TASK =
Starting at the line that contains "STATISTICS SIERRA LEONE" and stopping at the line that contains "Edexcel GCSE BIOLOGY, Genetics", transcribe every line of the material below exactly; pictures stay out.

INFORMATION PROVIDED =
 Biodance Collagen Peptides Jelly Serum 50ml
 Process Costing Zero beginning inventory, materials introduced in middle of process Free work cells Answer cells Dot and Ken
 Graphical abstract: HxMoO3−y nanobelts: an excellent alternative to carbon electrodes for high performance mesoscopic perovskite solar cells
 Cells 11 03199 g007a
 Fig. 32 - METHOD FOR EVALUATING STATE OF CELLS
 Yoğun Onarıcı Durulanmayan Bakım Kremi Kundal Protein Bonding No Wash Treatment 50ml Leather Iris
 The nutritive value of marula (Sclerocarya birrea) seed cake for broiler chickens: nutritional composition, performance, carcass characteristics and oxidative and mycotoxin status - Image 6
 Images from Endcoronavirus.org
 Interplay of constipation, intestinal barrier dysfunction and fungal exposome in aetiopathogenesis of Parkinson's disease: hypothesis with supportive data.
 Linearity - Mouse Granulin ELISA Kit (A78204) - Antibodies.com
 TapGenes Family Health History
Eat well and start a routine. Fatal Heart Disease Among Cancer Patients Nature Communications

...

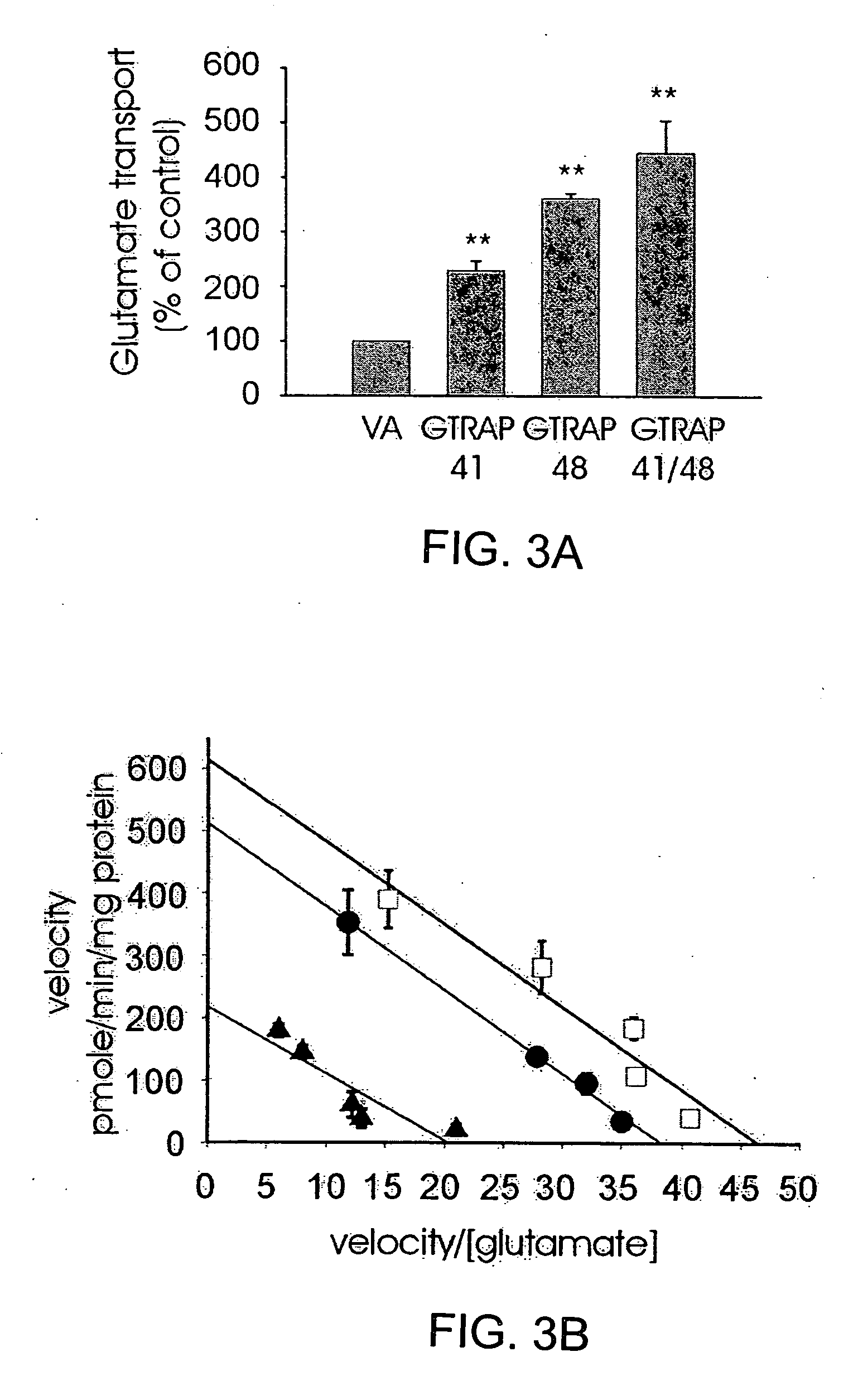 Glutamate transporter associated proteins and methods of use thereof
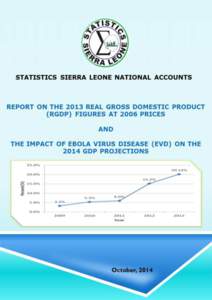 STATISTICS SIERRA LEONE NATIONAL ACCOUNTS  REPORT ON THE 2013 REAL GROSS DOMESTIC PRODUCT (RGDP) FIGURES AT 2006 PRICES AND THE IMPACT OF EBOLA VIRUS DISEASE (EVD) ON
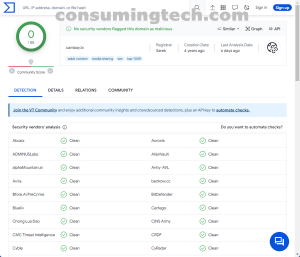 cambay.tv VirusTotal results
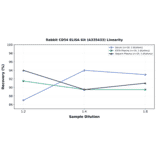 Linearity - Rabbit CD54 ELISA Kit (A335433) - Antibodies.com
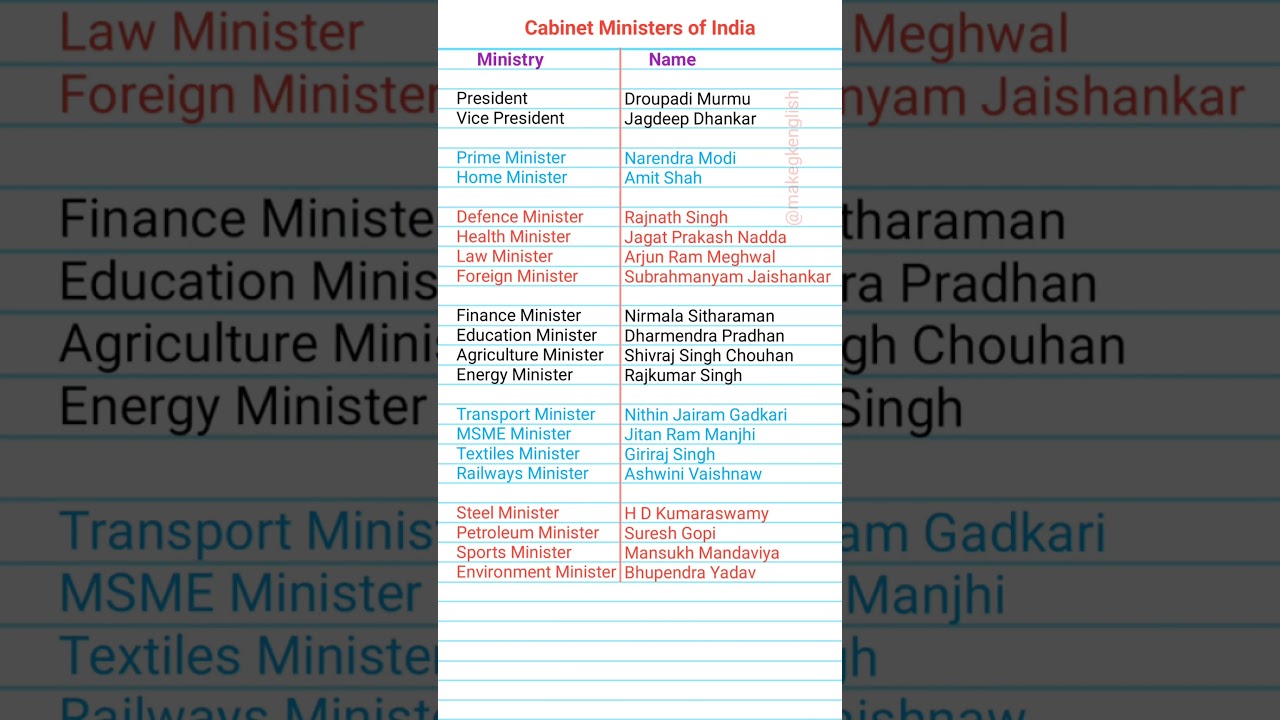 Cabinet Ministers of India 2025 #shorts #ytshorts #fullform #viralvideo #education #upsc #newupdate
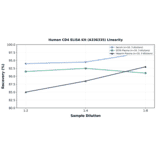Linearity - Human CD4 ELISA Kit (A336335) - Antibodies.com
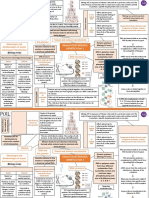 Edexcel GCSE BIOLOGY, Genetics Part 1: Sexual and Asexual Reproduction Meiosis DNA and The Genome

--

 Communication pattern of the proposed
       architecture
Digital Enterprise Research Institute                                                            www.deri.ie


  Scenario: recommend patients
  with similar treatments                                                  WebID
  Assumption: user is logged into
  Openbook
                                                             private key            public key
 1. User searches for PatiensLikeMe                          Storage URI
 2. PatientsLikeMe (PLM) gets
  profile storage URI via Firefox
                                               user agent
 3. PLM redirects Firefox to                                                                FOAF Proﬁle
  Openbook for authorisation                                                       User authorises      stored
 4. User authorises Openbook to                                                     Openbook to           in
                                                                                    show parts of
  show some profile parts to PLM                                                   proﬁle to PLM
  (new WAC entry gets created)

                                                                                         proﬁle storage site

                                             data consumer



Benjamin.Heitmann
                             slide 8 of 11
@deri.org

WORKED SOLUTION =
 STATISTICS SIERRA LEONE NATIONAL ACCOUNTS  REPORT ON THE 2013 REAL GROSS DOMESTIC PRODUCT (RGDP) FIGURES AT 2006 PRICES AND THE IMPACT OF EBOLA VIRUS DISEASE (EVD) ON
 cambay.tv VirusTotal results
 Linearity - Rabbit CD54 ELISA Kit (A335433) - Antibodies.com
 Cabinet Ministers of India 2025 #shorts #ytshorts #fullform #viralvideo #education #upsc #newupdate
Linearity - Human CD4 ELISA Kit (A336335) - Antibodies.com
 Edexcel GCSE BIOLOGY, Genetics Part 1: Sexual and Asexual Reproduction Meiosis DNA and The Genome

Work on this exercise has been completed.